Exit Music for Stages of Grief
So between actually seeing the CEO's best El*n impression as his tumblr persona, the changes, and just all the general weirdness - yeah, it's incredibly negative but Tumblr as we knew it and loved it isn't coming back: it's going away.
I'm still working through my grieving process, which is why I'm even here right now. But I'm pretty close to done. I'm unsure when the last thread is going to snap, but that's sooner than later at this point.
I'm going to make it a point to put my whereabouts in my about so it's easy to find me, but uh. Just get ready for the fact that I'm not going to be on Tumblr anymore. Instead of happy, memeing community I am actively finding it a negative experience just to load my dashboard (I cannot stress enough, not because of any of you, but because of the site, usability, TOS enforcement changes, and a million little straws of weird policy problems) and it's causing me anxiety pretty much any time I open it.

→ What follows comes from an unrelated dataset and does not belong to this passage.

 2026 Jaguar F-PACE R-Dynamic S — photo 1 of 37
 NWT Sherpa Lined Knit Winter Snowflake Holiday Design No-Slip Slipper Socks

Discord, AO3, and DreamWidth - my user is heyninja (in the order of highest to lowest probability of finding me). I haven't reopened my DW completely yet but I probably will soon, and it'll likely be half-private unless I'm posting fic or something along those lines.
Sometime later, when I have the $$ for it I'm going to go back to my self-hosted blogging roots, which I'll probably make an update for so it can be found.
If anybody's got any better migratory ideas I'm all ears, but the options I'm seeing so far are pretty scattershot except for Discord.
I am tired, grieving, and getting whiplash from either being angry or being anxious. Truthfully, I don't want to sit here and watch Tumblr complete becoming the socmed Frankenstein trying to be everything to everyone, no longer actually what Tumblr used to be, while the CEO gleefully picks on individual users as if punching down makes him look cool.
Mutuals: I love you. If you have discord handles or servers you wanna throw my way, just go ahead and add me, say hey so I know it's you, toss me a join link, I will be over the moon. If you're nervous about it, throw it in my ask box or message me, I won't publish things you don't specifically say to. My gradual evaporation hasn't been because I don't care about you, or because I don't want to see your posts. But I am going away, a little bit at a time. I hope we can find a way to still grab each others' hands, but I can't stay here forever, not anymore.